The Obama administration has announced an initiative to help state and local housing finance authorities (HFAs) maintain the viability of their lending programs during the economic downturn.
The plan has two components. A New Issue Bond Program will provide temporary financing to HFAs to issue new mortgage revenue bonds (MRBs). Using authority under the Housing and Economic Recovery Act of 2008, the Treasury Department will purchase securities of Fannie Mae and Freddie Mac backed by these new MRBs. The program can support several hundred thousand new mortgages to first-time home buyers this coming year, as well as refinancing opportunities to put at-risk but responsible and performing borrowers into more sustainable mortgages, said officials. The new bond issuance is also expected to support development of tens of thousands of new rental housing units for working families.
The second piece is the Temporary Credit and Liquidity Program for outstanding HFA variable-rate debt to strengthen HFA lending capacity.
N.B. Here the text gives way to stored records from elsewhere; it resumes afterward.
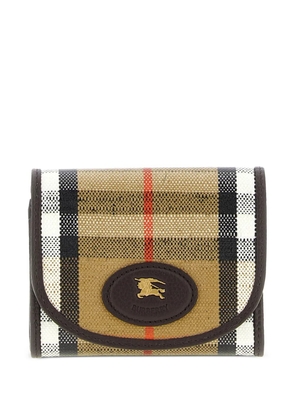 Burberry Highlands wallet - Neutrals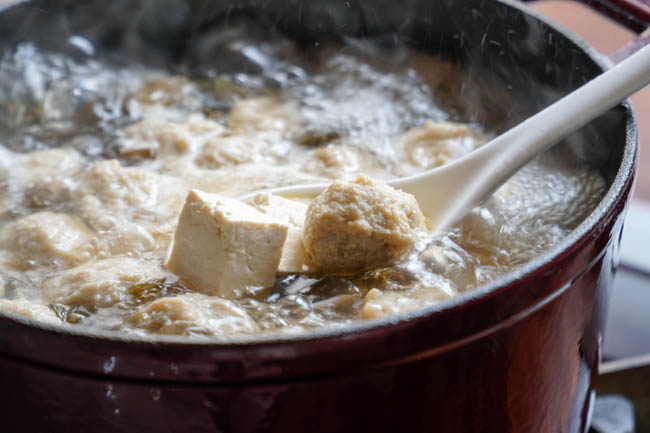 meatball and tofu soup|chinasichuanfood.com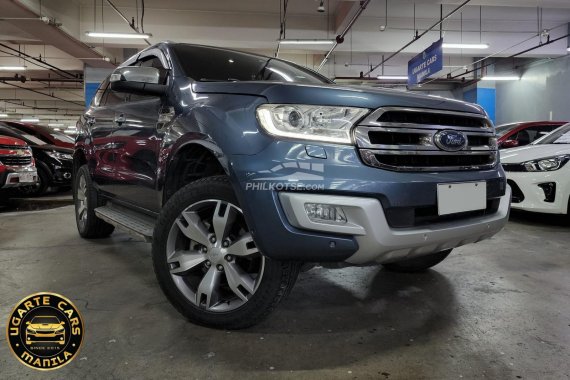 2016 Ford Everest 2.2L 4X2 Titanium Plus DSL AT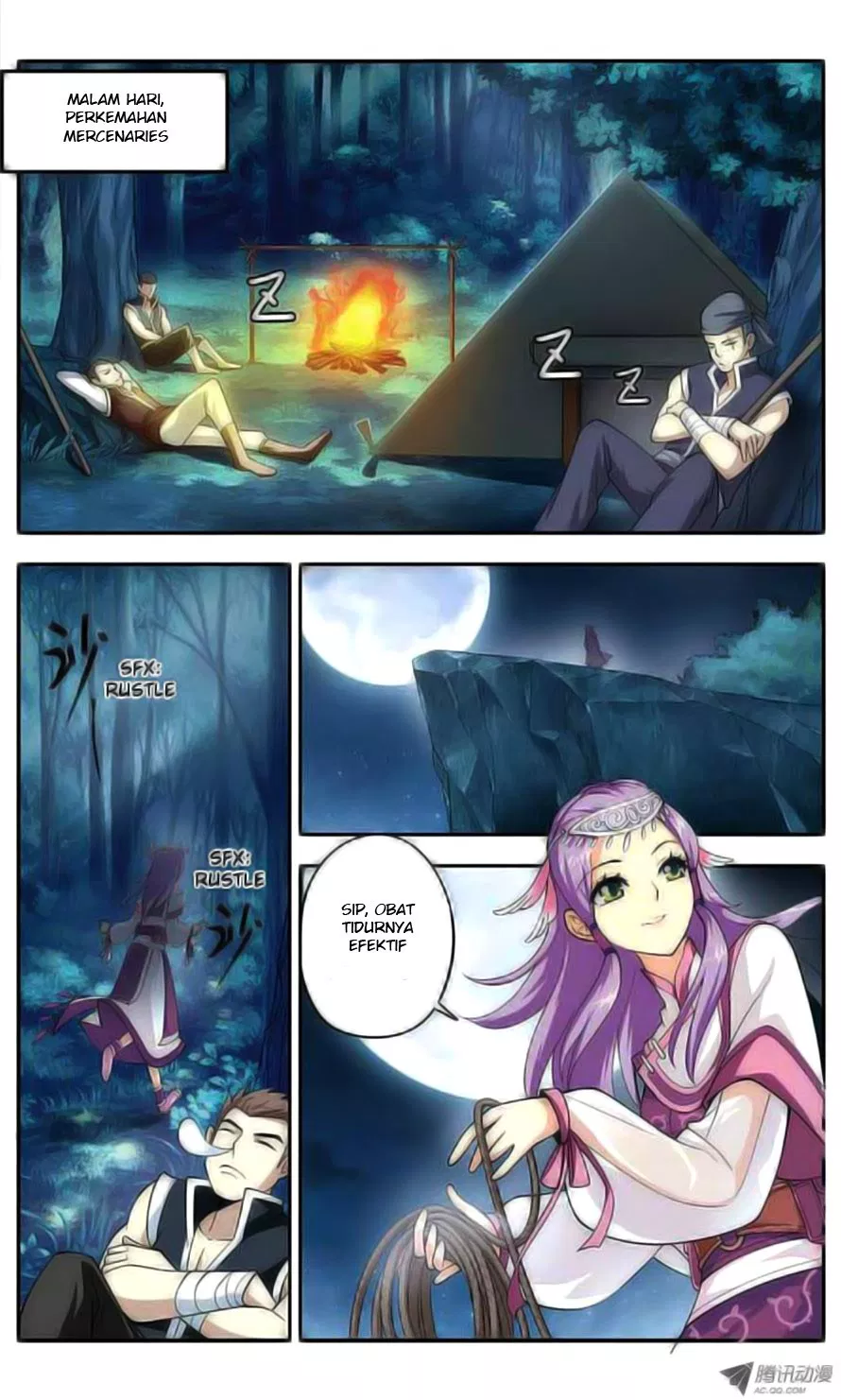 Read Battle Through the Heavens ID Manga Online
Fannie and Freddie will provide replacement credit and liquidity facilities available to HFAs that will help reduce the costs of maintaining existing financing for the HFAs. Treasury will backstop the government-sponsored enterprise (GSE) replacement credit and liquidity facilities for the HFAs by buying an interest in them.
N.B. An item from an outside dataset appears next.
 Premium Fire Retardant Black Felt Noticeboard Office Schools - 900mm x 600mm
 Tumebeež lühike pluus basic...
The temporary programs come at a time when some HFAs have shut down their lending. So far this year, HFAs have sold only 91 single-family housing bond issues totaling $4 billion compared to 232 issues totaling $10 billion last year and 355 issues totaling $16 billion in 2007, according to the National Council of State Housing Agencies.
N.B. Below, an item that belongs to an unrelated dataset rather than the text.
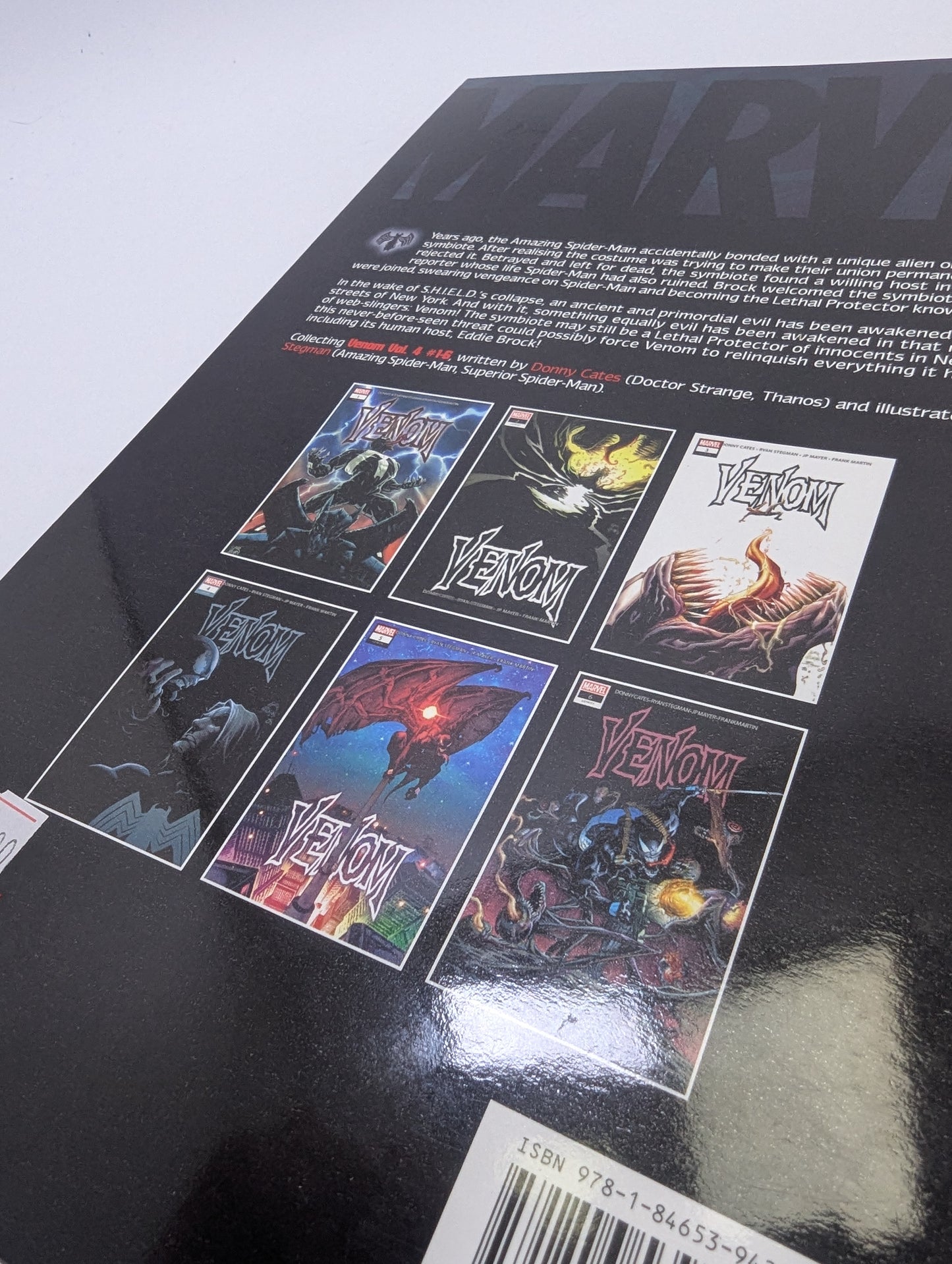 Venom Vol. 1: Rex - Grafinė Novelė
Despite being pressed by reporters during a media briefing, federal officials did not indicate how large the temporary programs might be. Instead, they repeated that the programs are being built from the ground up and the appropriate size still needs to be determined.
However, a deadline looms. All new bond issuance and Treasury purchases of related GSE securities must occur by Dec. 31. Replacement liquidity facilities must also be arranged through the GSEs by Dec. 31.